Report progress: "Scraping complete. {N} total listings from {platforms}. Credits used: {credits}."

Step 3.5: Deduplicate and Filter

Deduplicate via process_jobs.py:

python "${PLUGIN_ROOT}/scripts/process_jobs.py" \
  --stage dedup \
  --raw "{working_dir}/checkpoint-raw-combined.json" \
  --output-dir "{working_dir}"

Saves checkpoint-dedup.json.

First-layer filter — drop low-relevance jobs before enrichment:

python "${PLUGIN_ROOT}/scripts/process_jobs.py" \
  --stage filter \
  --dedup "{working_dir}/checkpoint-dedup.json" \
  --expectations "{expectations_path}" \
  --filter-threshold 40 \
  --output-dir "{working_dir}"

Uses listing_score from the parser + salary floor heuristic. Free — no API calls. Saves checkpoint-filtered.json.

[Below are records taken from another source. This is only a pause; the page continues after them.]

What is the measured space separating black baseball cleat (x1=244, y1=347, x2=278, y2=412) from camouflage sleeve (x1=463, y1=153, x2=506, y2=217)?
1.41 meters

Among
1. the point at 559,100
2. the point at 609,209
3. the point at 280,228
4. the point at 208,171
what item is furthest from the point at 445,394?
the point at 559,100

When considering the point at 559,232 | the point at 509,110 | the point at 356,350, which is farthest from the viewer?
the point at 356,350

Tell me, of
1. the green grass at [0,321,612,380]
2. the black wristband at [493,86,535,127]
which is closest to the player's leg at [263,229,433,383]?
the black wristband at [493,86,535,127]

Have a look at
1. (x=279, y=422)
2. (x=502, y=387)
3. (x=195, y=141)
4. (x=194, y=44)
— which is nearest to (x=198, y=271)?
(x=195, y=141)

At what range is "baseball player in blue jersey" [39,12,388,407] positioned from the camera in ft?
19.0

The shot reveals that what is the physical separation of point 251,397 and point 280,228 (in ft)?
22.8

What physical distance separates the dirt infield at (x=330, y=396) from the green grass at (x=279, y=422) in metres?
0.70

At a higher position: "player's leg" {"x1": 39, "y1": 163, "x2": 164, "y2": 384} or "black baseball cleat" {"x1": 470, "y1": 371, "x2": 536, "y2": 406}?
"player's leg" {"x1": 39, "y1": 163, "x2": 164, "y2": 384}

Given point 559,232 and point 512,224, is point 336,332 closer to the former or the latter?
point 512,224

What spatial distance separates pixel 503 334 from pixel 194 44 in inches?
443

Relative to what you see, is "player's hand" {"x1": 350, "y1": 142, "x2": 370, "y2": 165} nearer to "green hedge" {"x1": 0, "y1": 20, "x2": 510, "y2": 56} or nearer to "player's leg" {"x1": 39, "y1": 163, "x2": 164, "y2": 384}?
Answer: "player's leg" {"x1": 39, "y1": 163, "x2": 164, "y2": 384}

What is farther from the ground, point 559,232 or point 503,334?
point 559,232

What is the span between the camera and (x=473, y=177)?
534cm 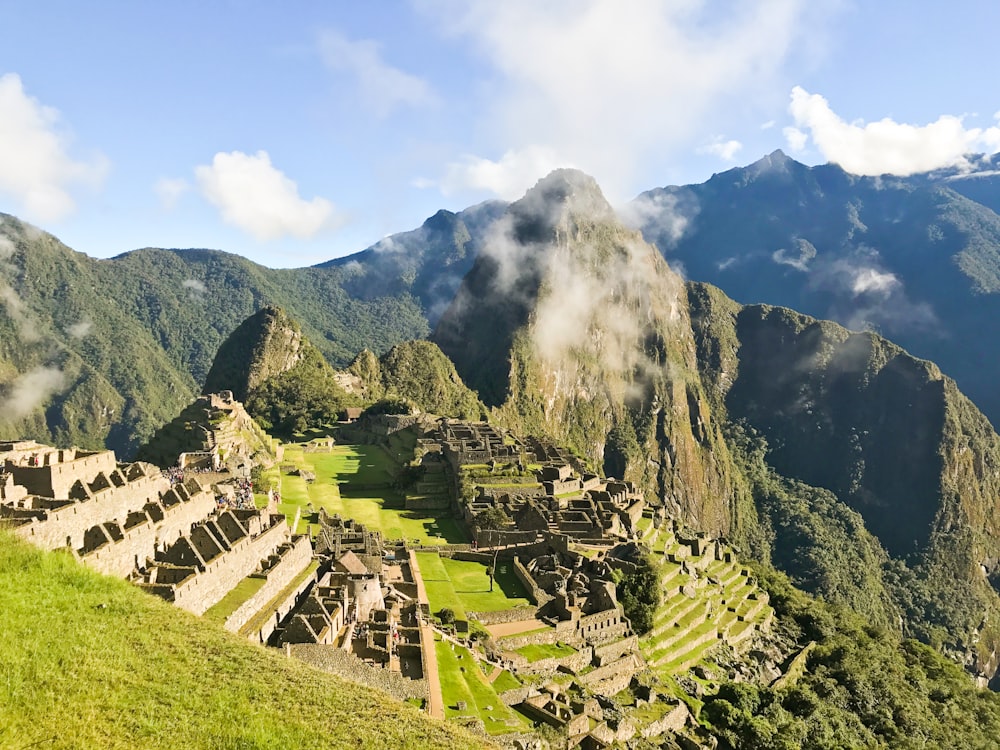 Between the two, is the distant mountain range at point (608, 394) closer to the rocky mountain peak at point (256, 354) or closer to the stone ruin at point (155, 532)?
the rocky mountain peak at point (256, 354)

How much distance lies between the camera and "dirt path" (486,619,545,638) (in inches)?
1191

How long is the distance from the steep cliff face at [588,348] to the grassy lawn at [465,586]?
107 m

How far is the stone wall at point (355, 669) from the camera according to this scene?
63.0 ft

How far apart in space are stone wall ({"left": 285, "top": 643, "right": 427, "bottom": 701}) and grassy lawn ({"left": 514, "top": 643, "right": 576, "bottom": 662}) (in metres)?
10.00

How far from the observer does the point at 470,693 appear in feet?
74.8

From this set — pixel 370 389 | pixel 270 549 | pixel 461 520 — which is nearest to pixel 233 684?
pixel 270 549

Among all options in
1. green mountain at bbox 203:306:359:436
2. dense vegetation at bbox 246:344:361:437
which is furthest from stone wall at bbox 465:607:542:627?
green mountain at bbox 203:306:359:436

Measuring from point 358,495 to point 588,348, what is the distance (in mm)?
131792

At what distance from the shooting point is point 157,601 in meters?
17.8

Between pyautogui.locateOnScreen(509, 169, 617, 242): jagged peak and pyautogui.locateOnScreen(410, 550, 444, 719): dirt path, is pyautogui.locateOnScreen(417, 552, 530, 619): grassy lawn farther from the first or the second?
pyautogui.locateOnScreen(509, 169, 617, 242): jagged peak

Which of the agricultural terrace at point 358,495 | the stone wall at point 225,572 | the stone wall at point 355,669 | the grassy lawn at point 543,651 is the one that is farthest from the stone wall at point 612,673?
the stone wall at point 225,572

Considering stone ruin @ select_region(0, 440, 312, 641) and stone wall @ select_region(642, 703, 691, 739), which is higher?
stone ruin @ select_region(0, 440, 312, 641)

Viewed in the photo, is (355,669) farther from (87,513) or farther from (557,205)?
(557,205)

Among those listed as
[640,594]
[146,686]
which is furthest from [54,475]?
[640,594] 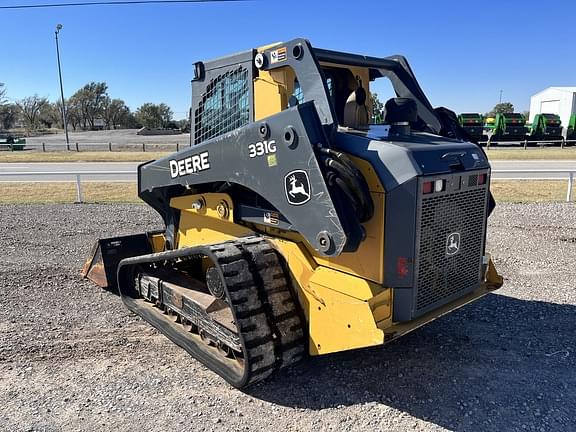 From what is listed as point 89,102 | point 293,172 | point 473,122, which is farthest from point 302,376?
point 89,102

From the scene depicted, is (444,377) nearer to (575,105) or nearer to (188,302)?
(188,302)

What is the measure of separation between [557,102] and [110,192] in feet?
177

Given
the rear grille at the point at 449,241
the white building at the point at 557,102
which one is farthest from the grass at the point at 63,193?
the white building at the point at 557,102

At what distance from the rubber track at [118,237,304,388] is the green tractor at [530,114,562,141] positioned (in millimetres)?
36464

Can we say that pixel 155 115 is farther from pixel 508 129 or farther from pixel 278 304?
pixel 278 304

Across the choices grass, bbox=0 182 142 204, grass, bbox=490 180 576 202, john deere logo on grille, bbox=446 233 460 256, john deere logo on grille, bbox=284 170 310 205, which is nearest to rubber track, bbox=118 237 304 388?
john deere logo on grille, bbox=284 170 310 205

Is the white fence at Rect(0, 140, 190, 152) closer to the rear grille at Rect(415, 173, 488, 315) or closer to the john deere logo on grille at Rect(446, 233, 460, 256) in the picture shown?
the rear grille at Rect(415, 173, 488, 315)

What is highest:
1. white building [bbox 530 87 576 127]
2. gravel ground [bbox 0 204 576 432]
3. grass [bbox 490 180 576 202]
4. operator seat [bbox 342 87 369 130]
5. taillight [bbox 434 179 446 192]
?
white building [bbox 530 87 576 127]

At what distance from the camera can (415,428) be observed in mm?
3311

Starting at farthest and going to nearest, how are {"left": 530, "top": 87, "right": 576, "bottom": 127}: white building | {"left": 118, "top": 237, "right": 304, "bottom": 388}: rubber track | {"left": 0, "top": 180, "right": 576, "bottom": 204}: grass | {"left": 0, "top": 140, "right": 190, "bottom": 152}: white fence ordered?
{"left": 530, "top": 87, "right": 576, "bottom": 127}: white building, {"left": 0, "top": 140, "right": 190, "bottom": 152}: white fence, {"left": 0, "top": 180, "right": 576, "bottom": 204}: grass, {"left": 118, "top": 237, "right": 304, "bottom": 388}: rubber track

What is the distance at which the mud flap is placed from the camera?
591cm

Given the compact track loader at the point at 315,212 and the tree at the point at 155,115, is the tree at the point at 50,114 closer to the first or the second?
the tree at the point at 155,115

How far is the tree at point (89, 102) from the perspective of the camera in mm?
77188

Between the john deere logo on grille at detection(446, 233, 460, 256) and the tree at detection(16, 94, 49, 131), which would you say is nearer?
the john deere logo on grille at detection(446, 233, 460, 256) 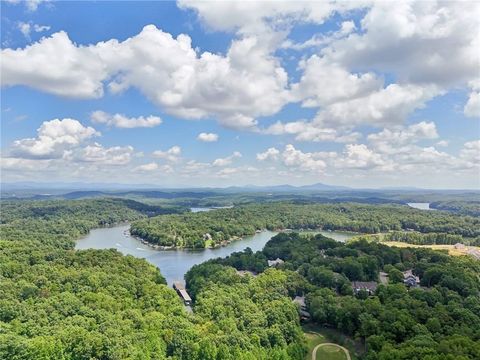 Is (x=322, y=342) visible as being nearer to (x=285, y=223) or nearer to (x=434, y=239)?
(x=434, y=239)

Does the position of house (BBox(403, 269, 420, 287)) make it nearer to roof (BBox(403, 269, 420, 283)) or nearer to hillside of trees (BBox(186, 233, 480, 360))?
roof (BBox(403, 269, 420, 283))

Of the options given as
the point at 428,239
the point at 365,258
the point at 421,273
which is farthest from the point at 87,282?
the point at 428,239

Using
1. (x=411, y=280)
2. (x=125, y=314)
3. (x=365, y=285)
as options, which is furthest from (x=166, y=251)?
(x=125, y=314)

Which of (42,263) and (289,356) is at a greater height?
(42,263)

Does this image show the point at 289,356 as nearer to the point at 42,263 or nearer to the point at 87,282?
the point at 87,282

Report: "After dedup: {N} unique. After filter: {M} jobs (dropped {K} low-relevance)."

Step 4: JD Enrichment (Gate 2)

Requires DEB Cloud key. Read [enrichment] from INI config. If enabled=0, skip to Step 5.

Prepare UUIDs for enrichment via process_jobs.py:
- If plan=free: use free_max_enrich from INI [enrichment] section (default 250).
- All other plans: enrich all filtered jobs (omit --max-enrich).

python "${PLUGIN_ROOT}/scripts/process_jobs.py" \
  --stage enrich-prep \
  --filtered "{working_dir}/checkpoint-filtered.json" \
  --max-enrich {N} \
  --output-dir "{working_dir}"

Outputs enrich-payload.json — JSON array of UUIDs for top N jobs by listing_score.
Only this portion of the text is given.